Il terzo motivo riguarda l’accertamento del fatto e la valutazione delle prove sulle quali è stato operato tale accertamento. Come costantemente affermato da questa Corte, in sede di legittimità può solo essere verificata la congruità e logicità della motivazione, senza alcuna possibilità di rivisitare l’istruttoria svolta al fine di operare una diversa valutazione dei fatti riservata alla competenza esclusiva del giudice del merito. Anche la valutazione della gravità del fatto ai fini della configurabilità di un’ipotesi di licenziamento, è riservata al giudice del merito che, nel caso in esame, ha operato una valutazione congrua e logica delle emergenze istruttorie che sfuggono ad ogni censura di legittimità. Nè è condivisibile l’assunto del ricorrente secondo cui la Corte territoriale si sarebbe basata su una presunta non contestazione del fatto addebitato, in quanto, viceversa, la decisione impugnata è fondata sulle risultanze dell’istruttoria testimoniale.

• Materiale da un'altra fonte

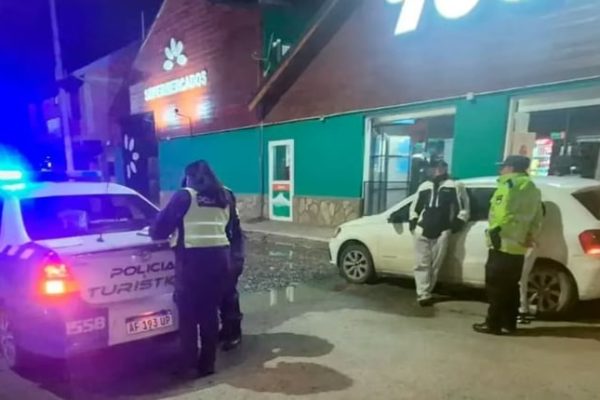 Tucumán: lo frenaron en un control de tránsito, se enojó con la policía y prendió fuego su propia moto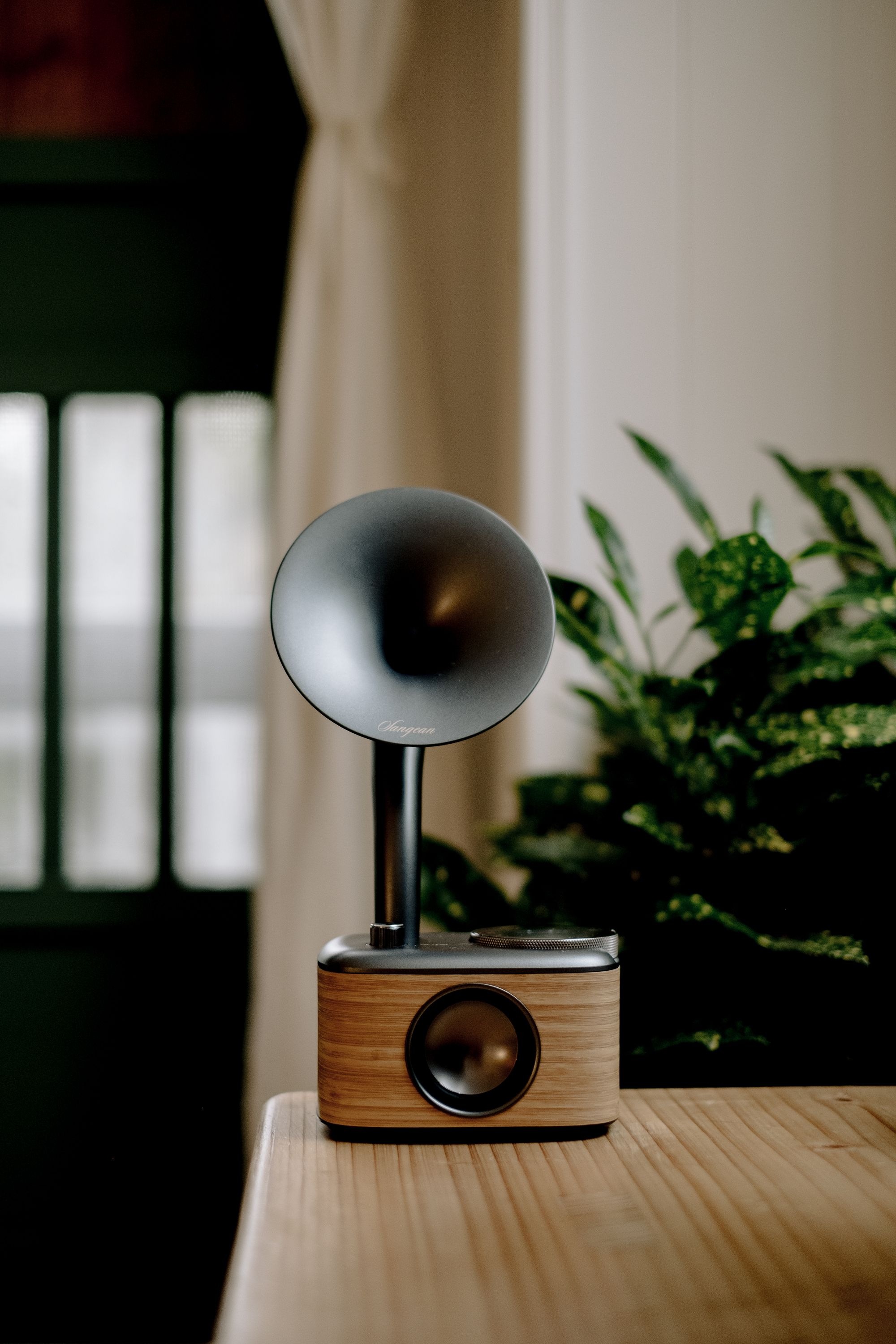Sangean Retro-Radio »CP-100D«, (Bluetooth Digitalradio (DAB+)-FM-Tuner), Digital Retro Design Gramophone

Il primo motivo del ricorso incidentale relativo al regolamento delle spese è infondato, in quanto la sentenza impugnata da conto, sia pure sinteticamente, della compensazione delle spese motivata con la difficoltà dell’esegesi delle acquisizioni probatorie e con il complessivo sviluppo della vicenda.

Il secondo motivo del medesimo ricorso incidentale è invece assorbito.

La reciproca soccombenza indice alla compensazione fra le parti anche delle spese di questo giudizio.

P.Q.M.

La Corte di Cassazione riunisce i ricorsi;

Rigetta il ricorso principale ed il primo motivo del ricorso incidentale; Dichiara assorbito il secondo motivo del ricorso incidentale; Compensa fra le parti le spese di giudizio.

Testo non ufficiale. La sola stampa del bollettino ufficiale ha carattere legale.